Question:Regarding automatic registration, there is no better solution in the native components. I just started to use curl to automatically register by writing rc.local through the shell, but sometimes I found that there was still no registration. At the same time, it is found that consul is not a strong consistency registration center, and sometimes the same serviceid is registered to different nodes at the same time:
TIM Picture 20200611135436.png
So I developed a small program using go language to automatically register node_exporter, and use systemd to set up auto-startup to achieve the effect of automatic registration, and through A set of algorithms to avoid repeated registration and achieve balanced registration.

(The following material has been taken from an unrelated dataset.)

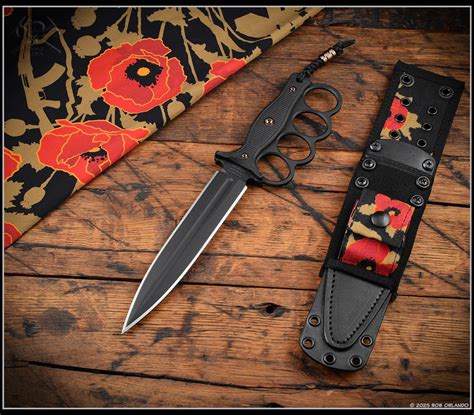 RMJ Tactical Trench Raider Poppies of War w/ Black G-10 Scales & Black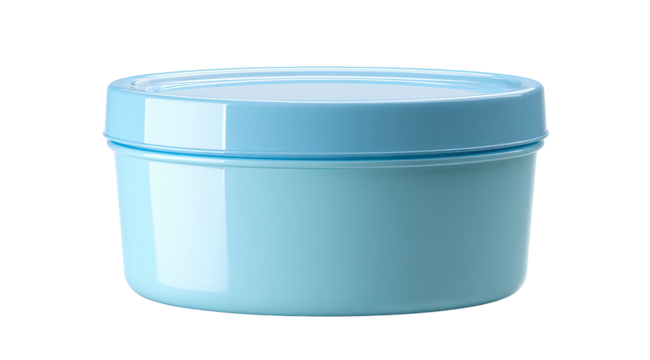 Light blue round food container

$wget https://github.com/FrankenFuncc/consul-registy-service/releases/download/202006161758/consulR.zip
$unzip consulR.zip
$wget https://github.com/prometheus/node_exporter/releases/download/v1.0.0/node_exporter-1.0.0.linux-amd64.tar.gz
$tar -zxvf node_exporter-1.0.0.linux-amd64.tar.gz -C /usr/local/
$mv /usr/local/node_exporter-1.0.0.linux-amd64.tar.gz /usr/local/node_exporter

Node_Exporter installation and auto start

$vim
[Unit]
Description=node_exporter:the monitoring system
Documentation=http://prometheus.io/docs/

[Service]
ExecStart=/usr/local/node_exporter/node_exporter
Restart=always
StartLimitInterval=0
RestartSec=10

[Install]
WantedBy=multi-user.target
$systemctl daemon-reload && systemctl start node_exporter && systemctl enable node_exporter

Consul installation and auto start

$vim /etc/consul/consul.yaml
System:
  ServiceName:consul-registy-service
  ListenAddress:0.0.0.0
  Port:9984
  #Retrieve the IP address of the egress network card by this IP and port
  FindAddress:8.8.8.8:80
Logs:
  LogFilePath:/data/consul/consul.log
  LogLevel:info
Consul:
  Address:172.16.100.71:8500,172.16.100.72:8500,172.16.100.73:8500
  Token:8dc1eb67-1f5f-4e10-ad9d-5e58b047647c
  CheckTimeout:5s
  CheckInterval:5s
  CheckDeregisterCriticalServiceAfter:true
  CheckDeregisterCriticalServiceAfterTime:5s
Service:
  Tag:node-exporter
  #Address is empty, the default is to use the FindAddress configuration to retrieve the egress network card IP address
  Address:
  Port:9100


$vim /usr/lib/systemd/system/consul.service
[Unit]
Description=Consul
After=network-online.target

[Service]
User=nobody
ExecStart=/usr/local/consul --confpath=/etc/consul/consul.yaml
Restart=on-failure
RestartSec=1

[Install]
WantedBy=multi-user.target
$systemctl daemon-reload && systemctl start consul && systemctl enable consul

After creating the image, you can use this image to be automatically discovered by prometheus.